Substrate Shortage Is Adding to Problem of Producing Chips

The chip shortage has highlighted the role of substrates that connect chips to circuit boards and the companies that make them. Substrate manufacturing offers low profit margins, so investment in this sector has also been low. Now, the lack of substrates has added to the problems of churning out enough chips to serve the global market. Substrates — panels of resin embedded with wiring onto which chips are affixed — connects the die at the heart of a chip to the motherboard, delivering power and data.

The Wall Street Journal reports that, “supplies of substrates used in some of the most advanced chips are particularly tight, and some industry specialists said they could remain in short supply for years.”

At Zhuhai Access Semiconductor, a substrate manufacturer, chief business development officer Nicholas Stukan said that, “right now, all you have to do is say you manufacture substrates, and you get business — it’s insane.”

Intel chief executive Pat Gelsinger, who mentioned the substrate shortage for the first time in an earnings call this year, expects “the chip crunch to last into 2023 as the chip industry, including substrate suppliers, boost capacity.”
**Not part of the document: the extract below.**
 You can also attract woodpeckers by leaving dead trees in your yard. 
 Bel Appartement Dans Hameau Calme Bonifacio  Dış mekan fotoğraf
Semiconductors require substrates “because the ultrathin wiring that comes out of chips can’t tolerate a direct soldered connection to a circuit board.” Substrates offer “thin copper wire … [that] help transmit user instructions to a computer’s chips and relay the answers.”

Unimicron Technology, Ibiden, and Samsung Electro-Mechanics are some of the companies (mostly in Asia) that make substrates, which “are less sophisticated than the ultra-pricey machinery needed to make the glamorous parts of the most advanced chips.”

At TechSearch International, which consults on substrates, president Jan Vardaman reported that, “while substrates have become more complex and important in chip performance over time, chip makers have long pressured substrate suppliers to keep prices low … [which has] limited investments in adding substrate production capacity.”

As a result, “major chip companies are … placing orders far in advance and prepaying so that substrate companies have ample cash to build more factories … [and] some are committing to buying the entire supply of new production lines to give their suppliers confidence to invest.” Nvidia chief executive Jensen Huang and AMD chief executive Lisa Su said they are making efforts to “secure capacity,” while Intel’s Gelsinger stated that the company is “using its factories to help with portions of the substrate manufacturing process.”

Among substrate manufacturers, Zhuhai Access is building a nearly 2-million square foot plant near Macao; Japan’s Ibiden “plans to replace a plant in Ogaki with one slated to begin production in 2023” at the cost of about $1.6 billion; and Taiwan’s Nan Ya PCB Corp. plans to finish expansion “of advanced substrate manufacturing” near Tapei, entering mass production by 2023. Austria Technologie & Systemtechnik also plans to build a Malaysia-based $1 billion factor for substrates and circuit boards, slated to open in 2024.

According to Vardaman, some substrate manufacturers have raised prices. She expects “supply and demand for advanced substrates used in central-processing units and other powerful chips will continue to widen,” with a need for an additional 40 million square feet of advanced substrate manufacturing space by 2025.